[Short text fragments from websites]
|---|

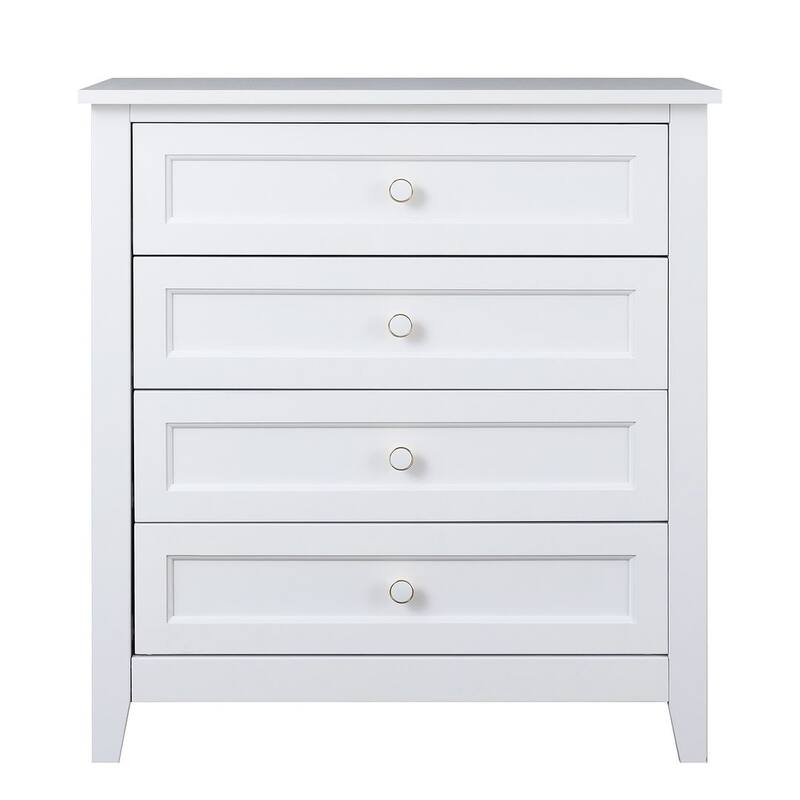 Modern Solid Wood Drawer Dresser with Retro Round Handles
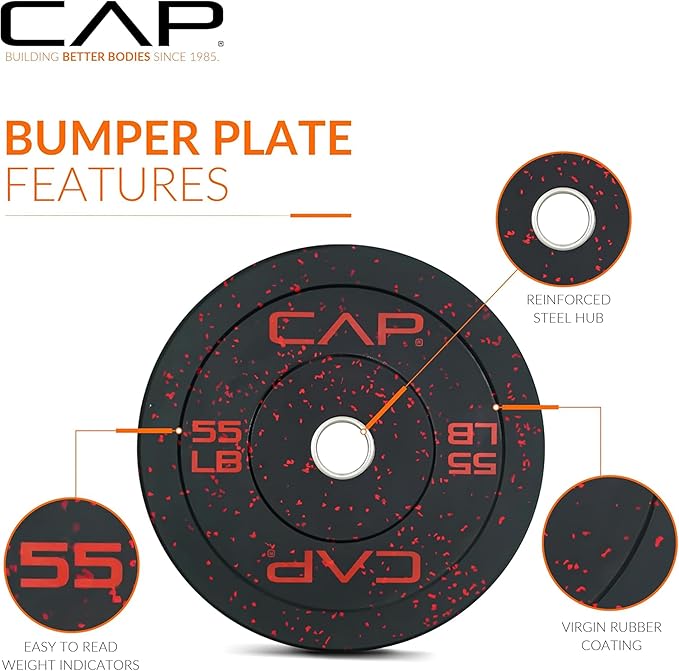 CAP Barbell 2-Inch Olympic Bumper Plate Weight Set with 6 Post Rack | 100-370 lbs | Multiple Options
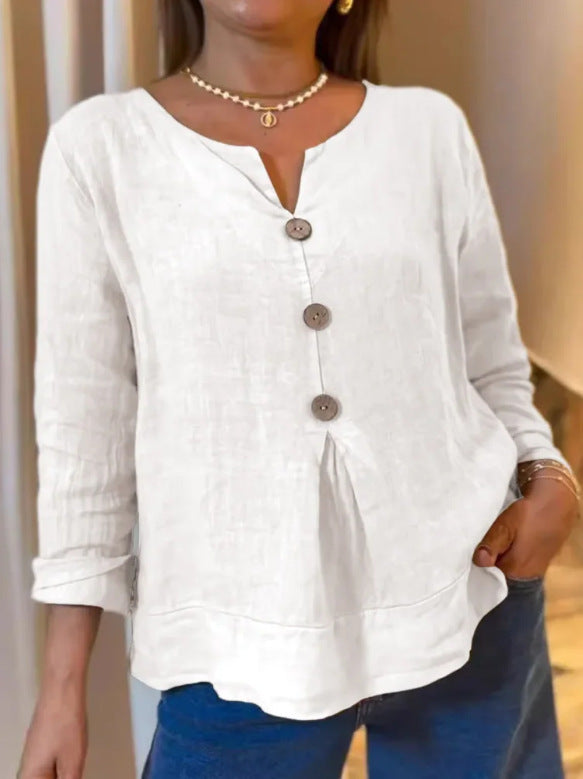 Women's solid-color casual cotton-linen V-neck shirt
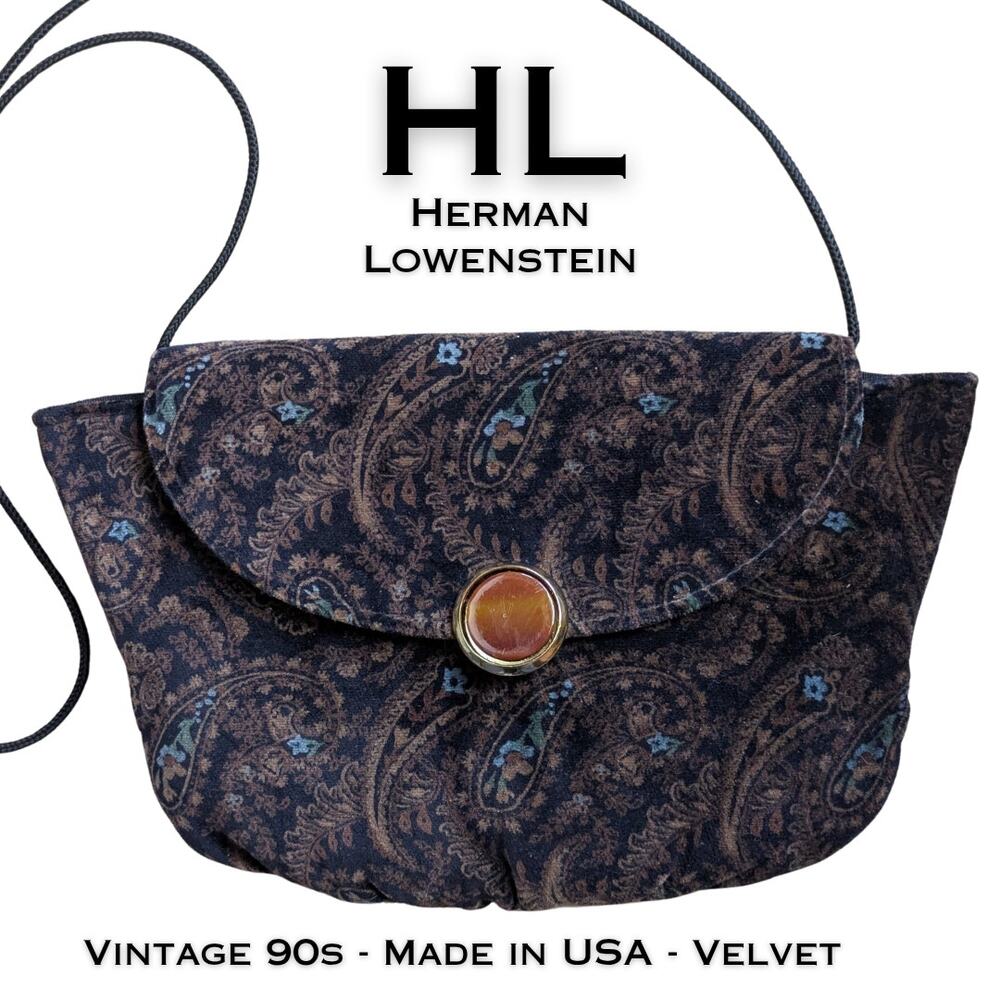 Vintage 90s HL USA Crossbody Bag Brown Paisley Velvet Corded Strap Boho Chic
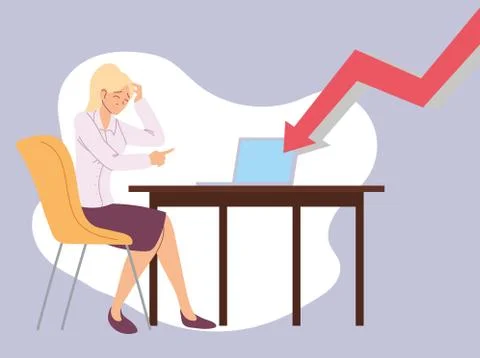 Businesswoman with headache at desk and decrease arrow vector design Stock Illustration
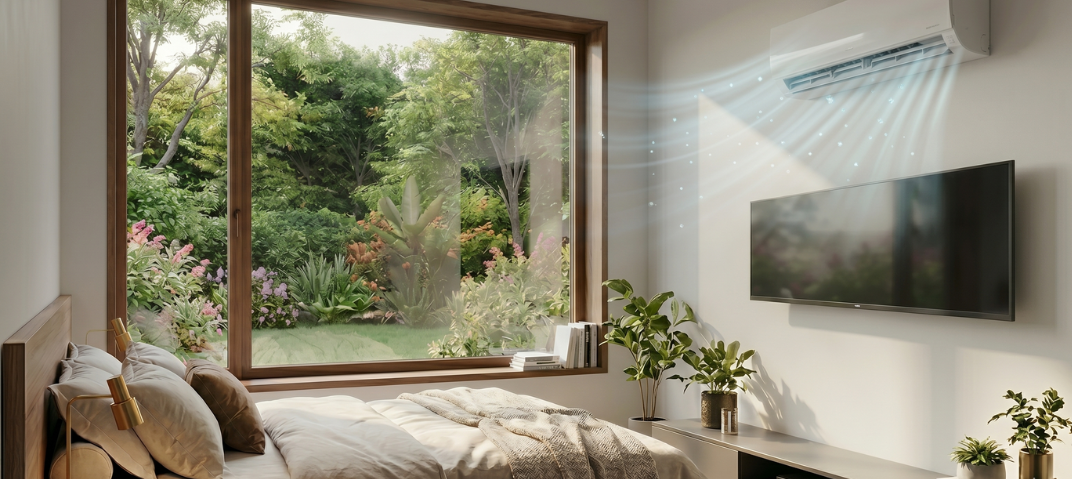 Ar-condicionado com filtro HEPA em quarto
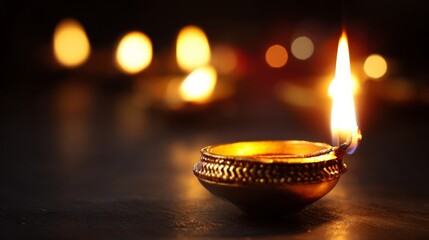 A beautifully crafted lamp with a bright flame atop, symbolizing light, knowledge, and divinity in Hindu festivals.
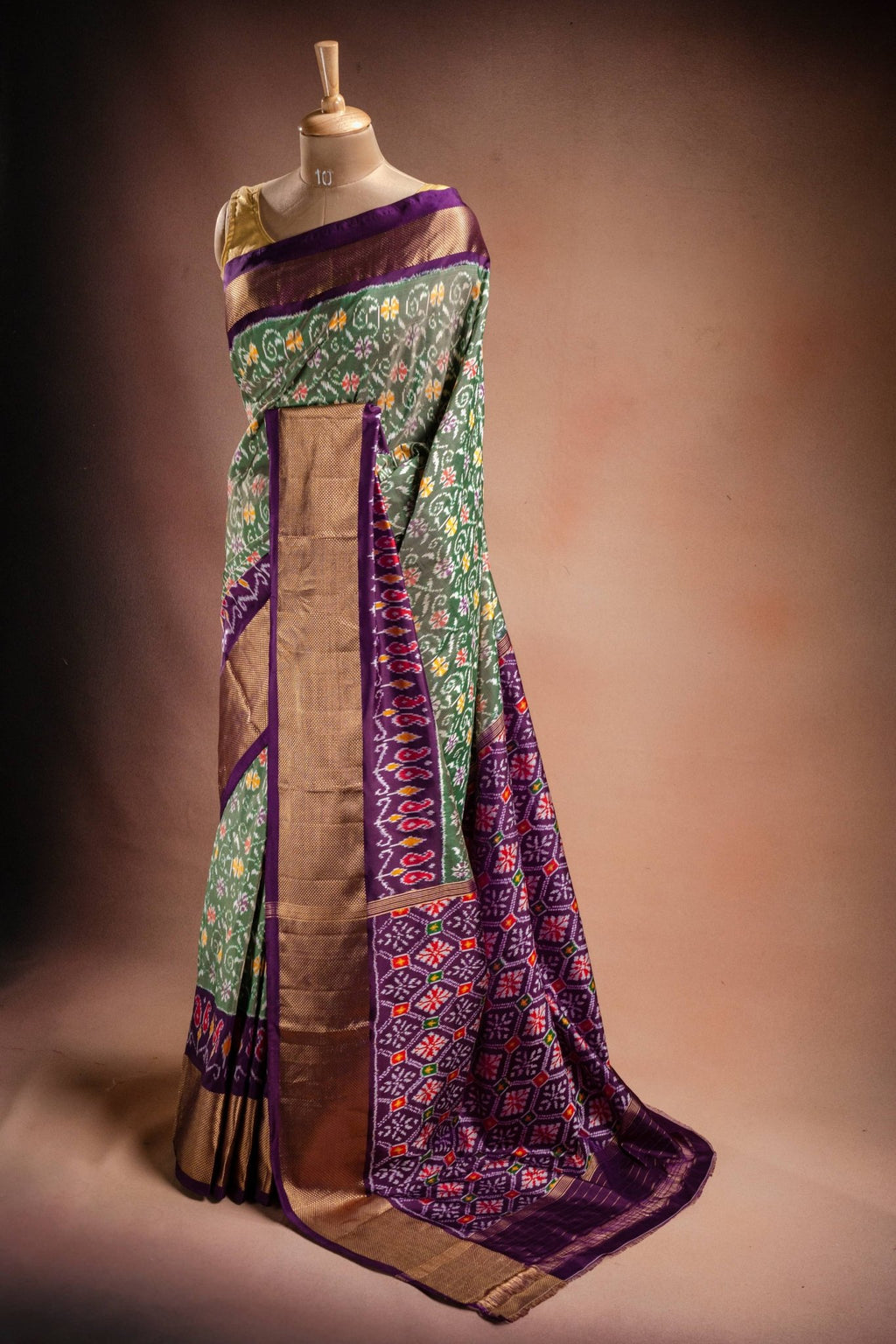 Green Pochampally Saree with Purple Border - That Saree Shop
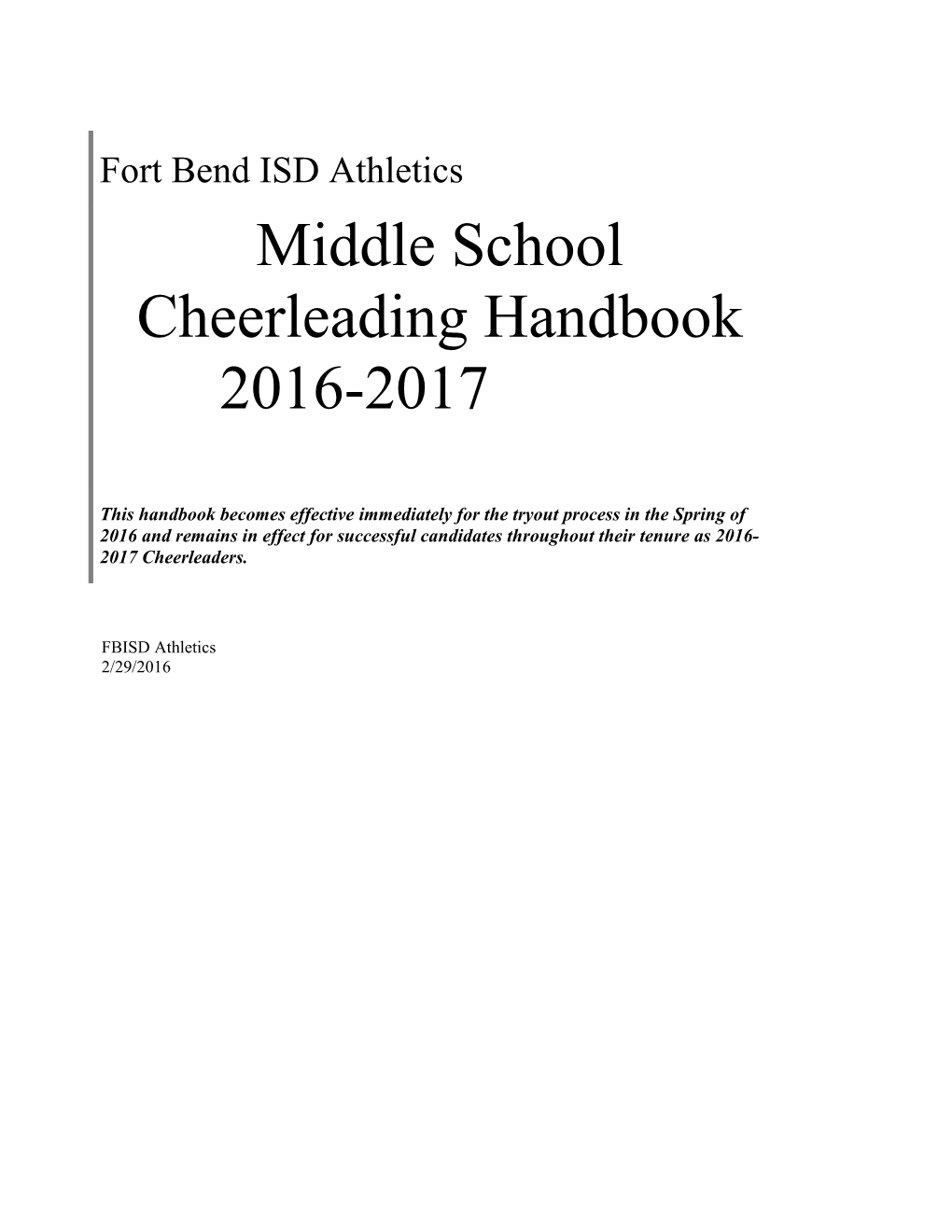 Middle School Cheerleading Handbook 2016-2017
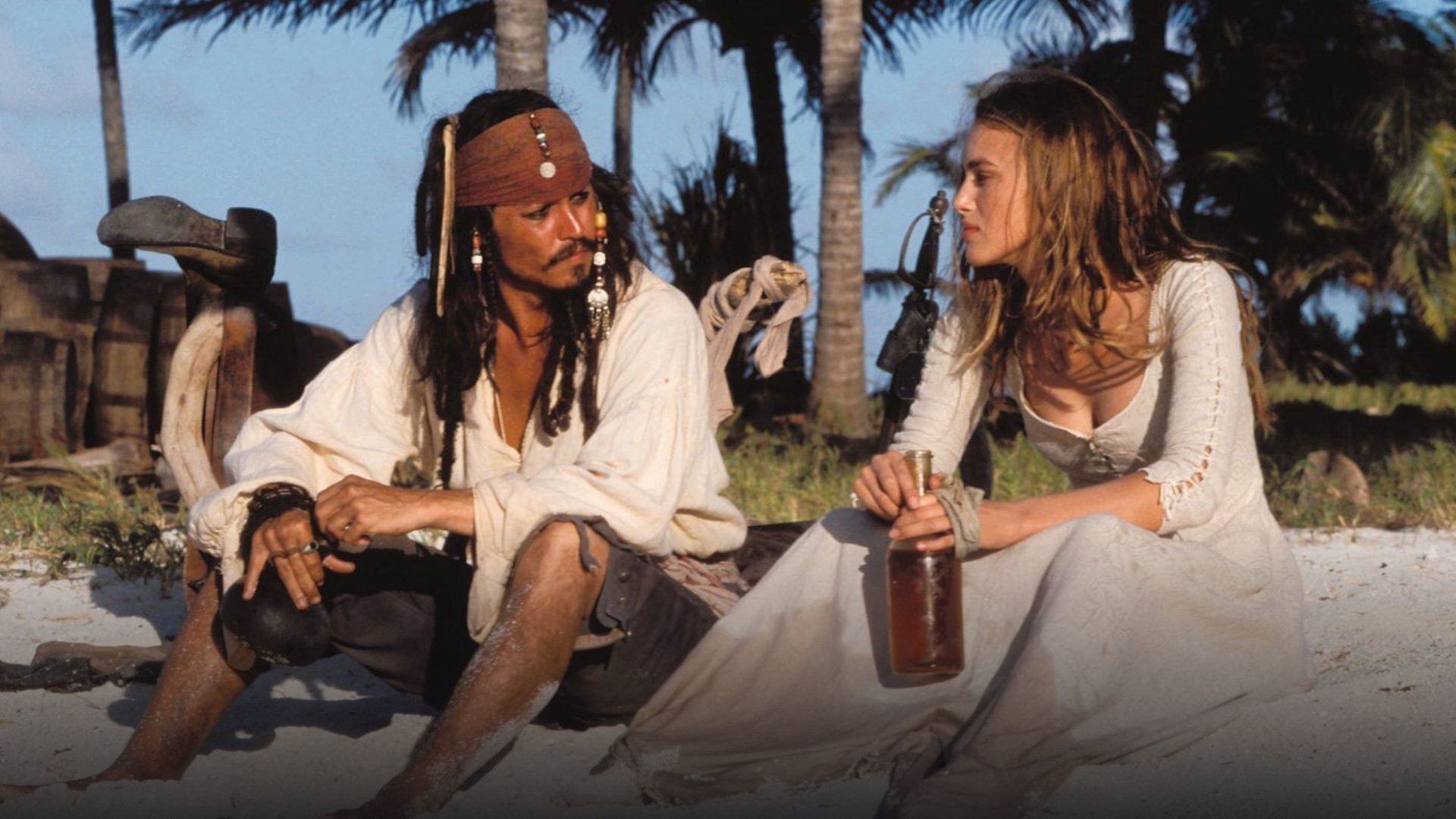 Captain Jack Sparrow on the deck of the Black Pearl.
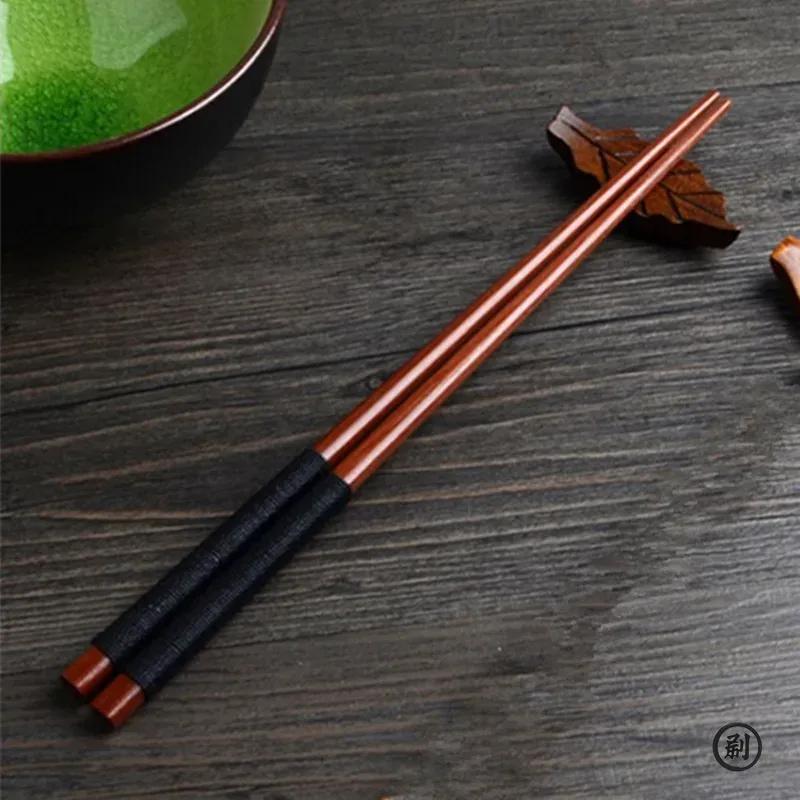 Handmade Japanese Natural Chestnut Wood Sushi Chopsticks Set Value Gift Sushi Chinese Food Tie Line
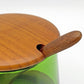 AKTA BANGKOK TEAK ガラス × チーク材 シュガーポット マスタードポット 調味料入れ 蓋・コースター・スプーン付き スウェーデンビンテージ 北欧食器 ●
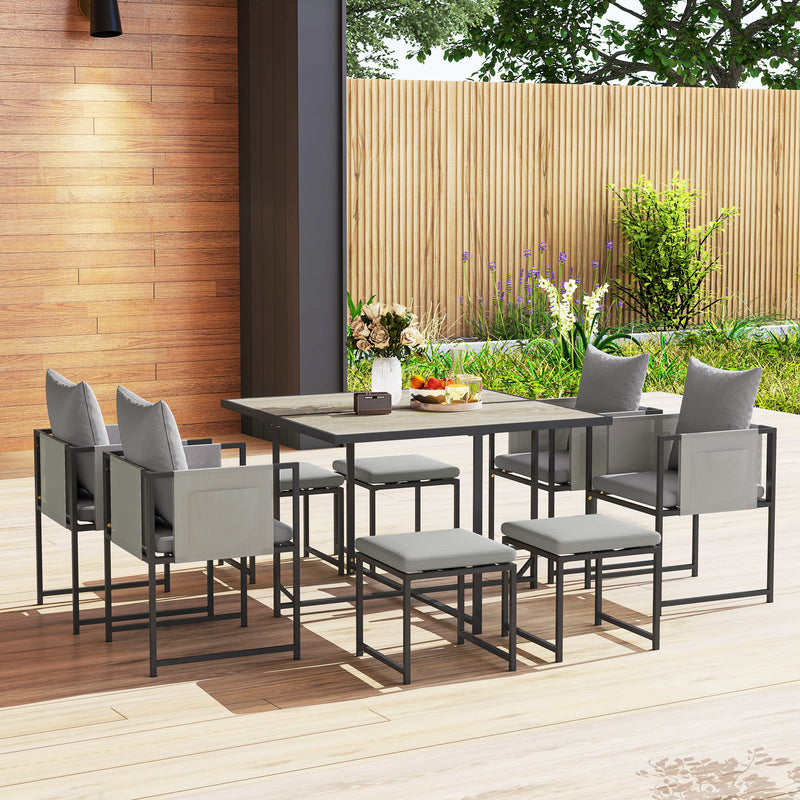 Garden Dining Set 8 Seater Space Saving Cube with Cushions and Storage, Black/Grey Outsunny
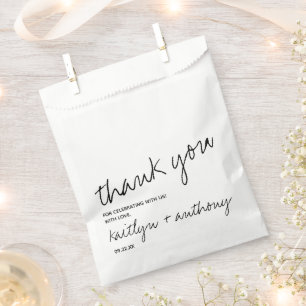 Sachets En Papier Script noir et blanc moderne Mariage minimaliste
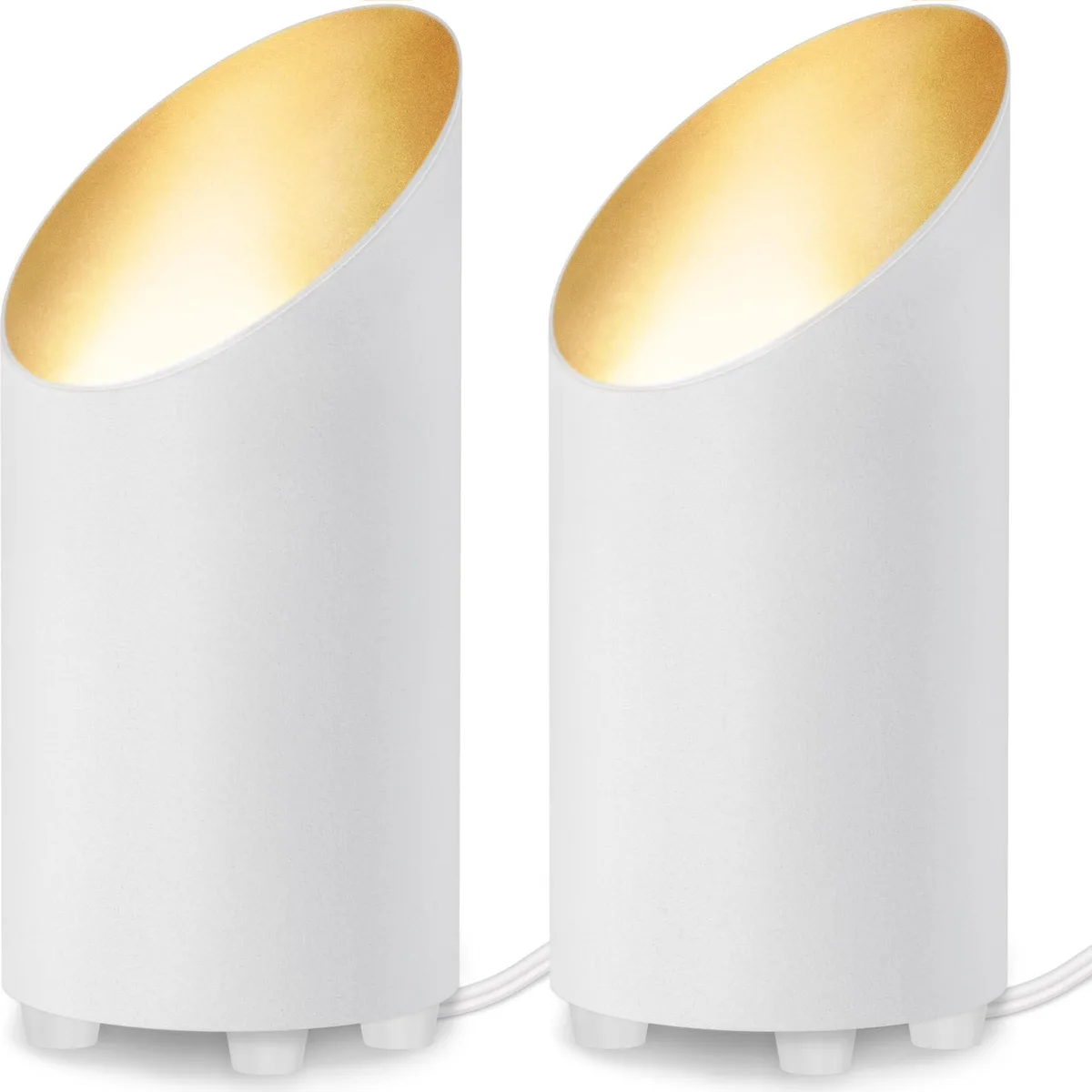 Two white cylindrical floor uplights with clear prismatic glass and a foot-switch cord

|---|

* _THE TASK_
The expected output is an exact retyping of the lines from the line with "Middle School Cheerleading" through the last line of the data, with both ends kept and the pictures dropped.

* _EXERCISE RESULT_
 Middle School Cheerleading Handbook 2016-2017
 Captain Jack Sparrow on the deck of the Black Pearl.
 Handmade Japanese Natural Chestnut Wood Sushi Chopsticks Set Value Gift Sushi Chinese Food Tie Line
 AKTA BANGKOK TEAK ガラス × チーク材 シュガーポット マスタードポット 調味料入れ 蓋・コースター・スプーン付き スウェーデンビンテージ 北欧食器 ●
 Garden Dining Set 8 Seater Space Saving Cube with Cushions and Storage, Black/Grey Outsunny
 Sachets En Papier Script noir et blanc moderne Mariage minimaliste
 Two white cylindrical floor uplights with clear prismatic glass and a foot-switch cord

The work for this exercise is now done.